I didn't comb through your code in detail, partly because I doubt the people who gave you this task did either. I presume it actually does what it is supposed to do, and properly accomplishes the requested task without bugs. In that case, their issue is likely with the overall package structure/design/implementation. In general though, the answer partly depends on the job you were applying to. Expectations for a mid-level engineer position are obviously very different than for a senior-level engineer, and so to some extent the answer depends on what kind of position you were applying to. Some hints in that area would help. Regarding the structure/design/implementation of your code, without getting into the nitty-gritty, I would make just a few comments which could have been part of their issue:

  1. Your test coverage is very low. You run one test each on three functions, leaving more than half of your code untested, and the part of your code that is tested is not tested very thoroughly. Most importantly, those three functions are really the least important part of your code: the part that ties them all together (i.e. your main function) is what is really doing all the work, and it is the part without tests. They specifically ask how to run your code tests, which means they were also evaluating your ability to write coherent unit/integration tests. Most likely they wanted to see a lot more in this area. I consider test writing fluency to be a requirement for a senior level engineer.
  2. I don't think your code meets this requirement: consider reusability when implementing your package. it should be generic enough that given a certain input, it will provide the required output, although it is hard to say because I could be incorrectly guessing at their intent. You allow the user to specify different input variables via the command line, but this is also a python package. A big part of python packages is that they can be imported by other packages/modules and used as needed. The way you have your package structured, it can pretty much only be used from the command line. In my mind making it more generic and resuable means that you can import it from within other python code and use it to do these same computations with little effort. As it stands, your three methods are importable from other methods, but they only provide a small part of the whole system functionality. The code that most needs to be reusable is your main function which is locked down behind the main() function which and not at all reusable because it takes its input from the command line.
  3. Depending on the job this might not be an issue, but your code is pretty standard procedural code. Not that there is anything wrong with procedural code, but a well thought out use of OOP principles would make your code more reusable (i.e. it would help with my point #2 above) and also show an understanding of the concepts that most companies these days work with. Like it or not, OOP is the primary paradigm used by most these days.
  4. Your github repository doesn't seem to have a commit history.

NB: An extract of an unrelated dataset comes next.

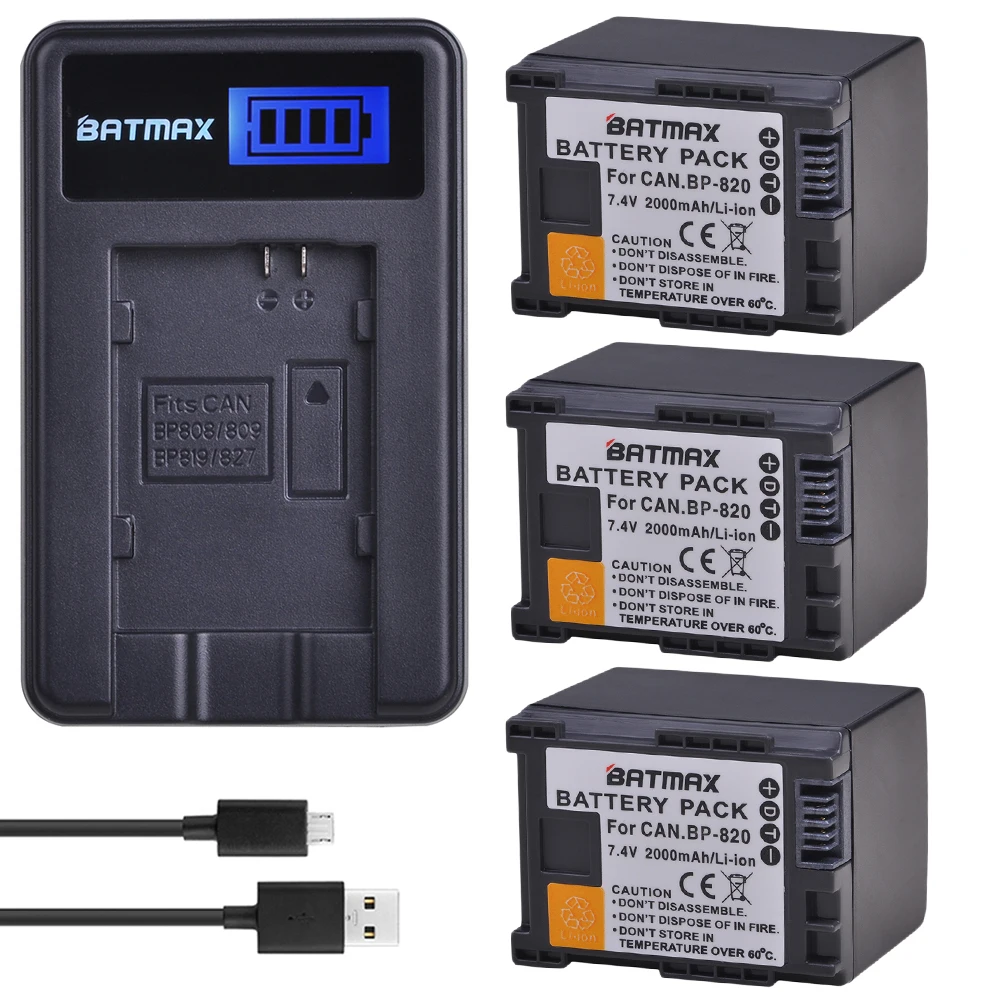 Batmax 3 шт. BP 820 BP820 Аккумулятор для камеры + ЖК Зарядное устройство USB Canon фотокамера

I could be misreading github though. If I were evaluating something like this, I would also want to know that the candidate understands the benefits of a VCS enough to use it themselves. As a result, I would definitely check the commit history of anything uploaded to github to verify that they actually used git when developing the code. A lack of a commit history implies you didn't actually use git while building this: you just uploaded it to git when you were done. Granted, this is small enough that that is not a crazy choice, and I wouldn't rule someone out for a lack of a commit history, but I would definitely taken note of it.
  5. Your code has comments but no docblocks. The latter are used when building documentation, so I would definitely put more stock in a candidate who has docblocks in his code.

As I said, I don't know what they saw, but these are the things that come to mind as I look at your code and their requirements (both stated and not).